Nenhum personagem é simplesmente “bom” ou “mau”. A mentira pode estar dos dois lados, assim como o assassinato. Contribui para isso a maneira como o livro é escrito, com cada capítulo narrado pelo ponto de vista de um personagem. Somos capazes de entender as motivações de cada um, por mais que não concordemos com elas.

Westeros é um mundo maquiavélico, como o nosso, e um mundo que Ned Stark não compreende. Uma das coisas mais interessantes de voltar ao primeiro livro é poder fazê-lo com um afastamento que uma primeira leitura (no meu caso, a “leitura” da série de TV) não permitia. Entramos na história com os olhos dos Stark, e só com o tempo, à medida que vamos entendendo melhor o mundo onde estamos, e observando a partir de outras perspectivas, é que temos a possibilidade de enxergar o enredo à distância.

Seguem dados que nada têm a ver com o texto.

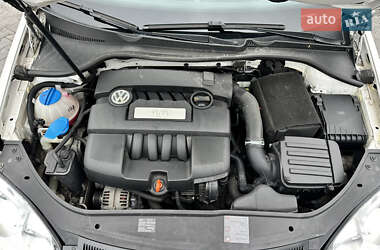 Хетчбек Volkswagen Golf 2008 в 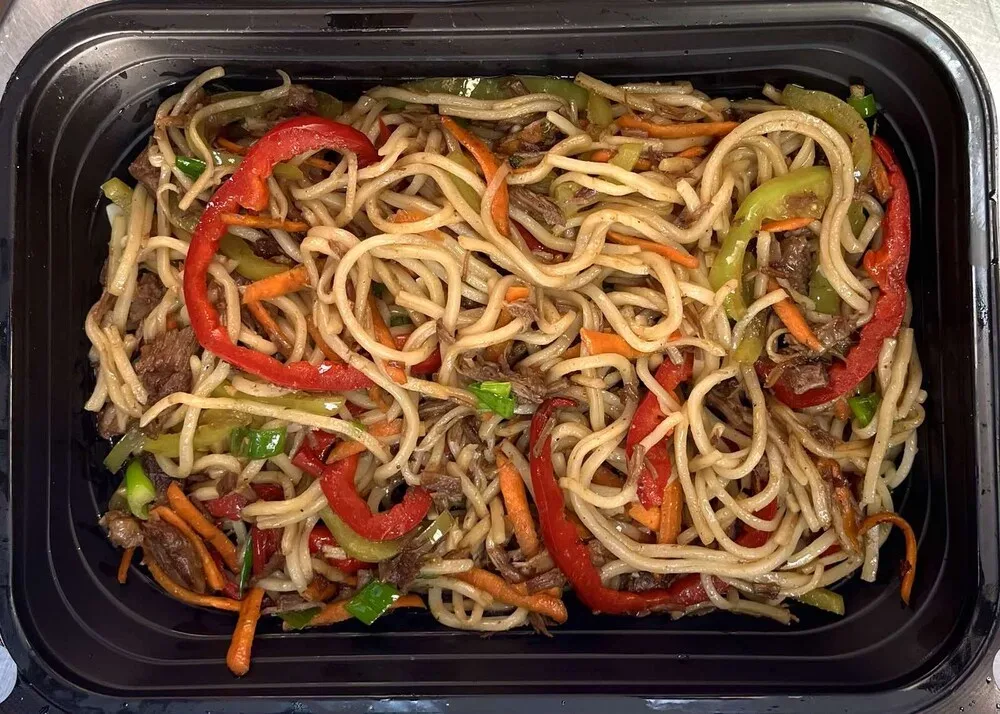 Нудли с телешко и зеленчуци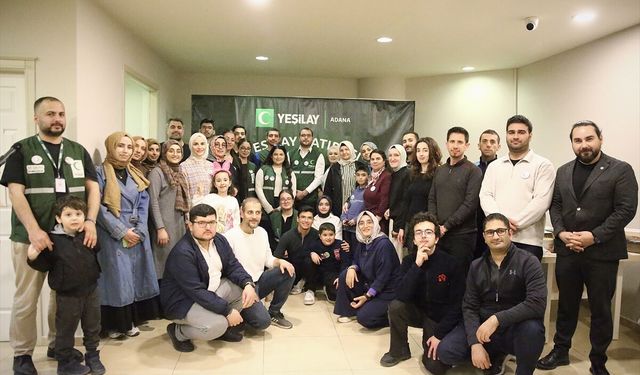 Adana'da Yeşilay gönüllüleri iftarda buluştu
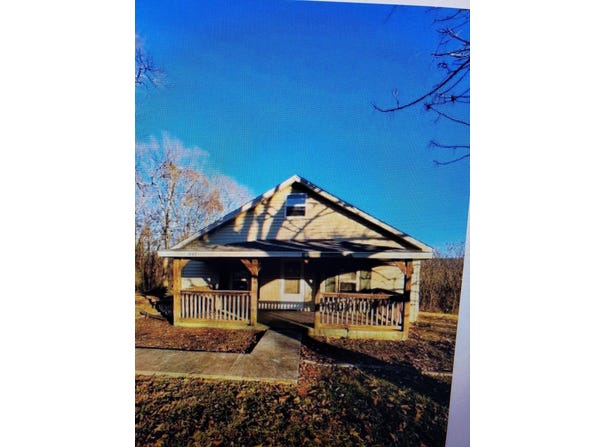 887 S Magnolia Avenue, Whitwell, TN 37397
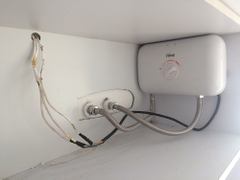 Máy nước nóng trực tiếp Ferroli Rita FS-4.5 TE (chống giật)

E o que esse olhar revela é como a trama que motivou a guerra na qual se afundou Westeros foi motivada por uma farsa. Robert deseja que Ned seja a Mão do Rei porque a antiga mão, Jon Arryn, morreu. Cat recebe uma carta de Lysa, sua irmã e viúva de Jon Arryn, dizendo que o marido foi assassinado pelos Lannisters. Ned vai para o sul com isso em mente, e resolve investigar a morte do antecessor, o que gerará a intriga que resultará em sua morte e na Guerra dos Cinco Reis. O outro estopim é a captura de Tyrion por Catelyn, que acredita que o anão tentou matar Bran, segundo lhe indicou uma informação dada pelo Mindinho. Os dois, para usar um termo do livro, caminham sobre gelo fino, e agem motivados por informações veiculadas por terceiros, que futuramente se revelarão muito inadequadas.

A verdade é que Ned e Catelyn são caipiras na cidade grande. Eles não fazem a menor idéia de como se comportar na Capital, e nenhum dos dois deseja se envolver nas intrigas palacianas que, no entanto, são inescapáveis. Recusá-las não exclui sua existência, e motiva comportamentos que só podem ser chamados de “burros”. Dá raiva ver Ned agindo tão obtusamente em relação ao que acontece ao seu redor. Ele fala muito sobre “honra” e “dever”, mas o que realmente importa para ele é a família, os filhos e a vida que leva em Winterfell. Ele anseia por ela em todo momento. Só o que deseja é se livrar de Porto Real o mais rápido e o menos dolorosamente possível, a fim de voltar para o Norte. Essa cegueira egocêntrica, essa incapacidade de enxergar o bem comum é o que será sua ruína. Decapitado por traição, impedido de ver os filhos ou a mulher uma última vez, privado de um retorno ao Norte, suas ações desajeitadas ainda jogarão o Reino em uma guerra sangrenta que, com movimentos simples mas, a seus olhos, desonestos, talvez pudesse ter sido evitada.

Enxergar dessa maneira o personagem que, mais do que qualquer outro, é o herói do primeiro livro, revela o quanto Game of Thrones caminha em territórios bem diferentes de uma parcela considerável dos livros de fantasia. Ao invés de se assumir como herdeiro dos romances de cavalaria, George R. R. Martin opta por ser herdeiro do romance histórico, e de uma visão quase quixotesca do mundo que aqueles projetam. Porque, em Westeros, acreditar no mundo ilusório dos cavaleiros andantes gera guerra, carnificina e morte.